+++ Input data +++

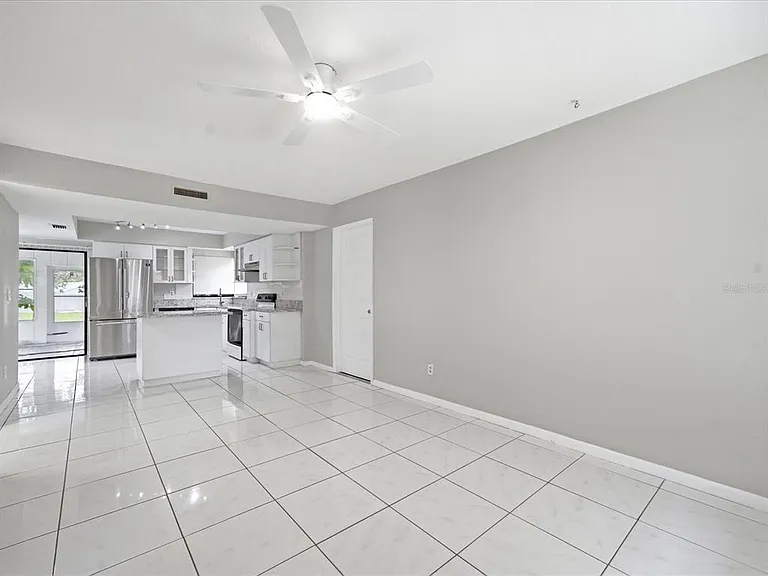 11314 Laurel Crest Ln — Photo 22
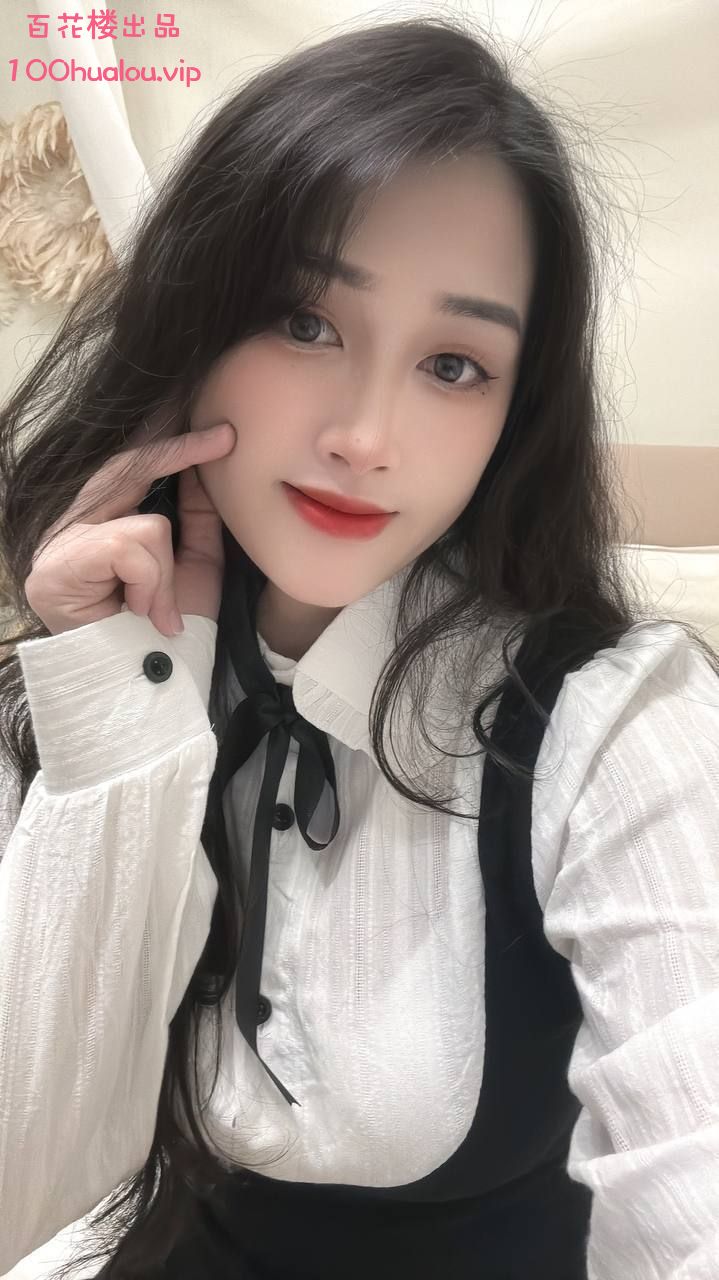广州 御姐可上门 瑶瑶
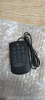 Yaesu FH-2 clavier remote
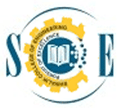 Shivalik College of Engineering_logo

+++

Your instructions: Please write out, exactly, every line from the line with "广州 御姐可上门 瑶瑶" through the final line of the data above, leaving out pictures.

Task answer:
广州 御姐可上门 瑶瑶
 Yaesu FH-2 clavier remote
 Shivalik College of Engineering_logo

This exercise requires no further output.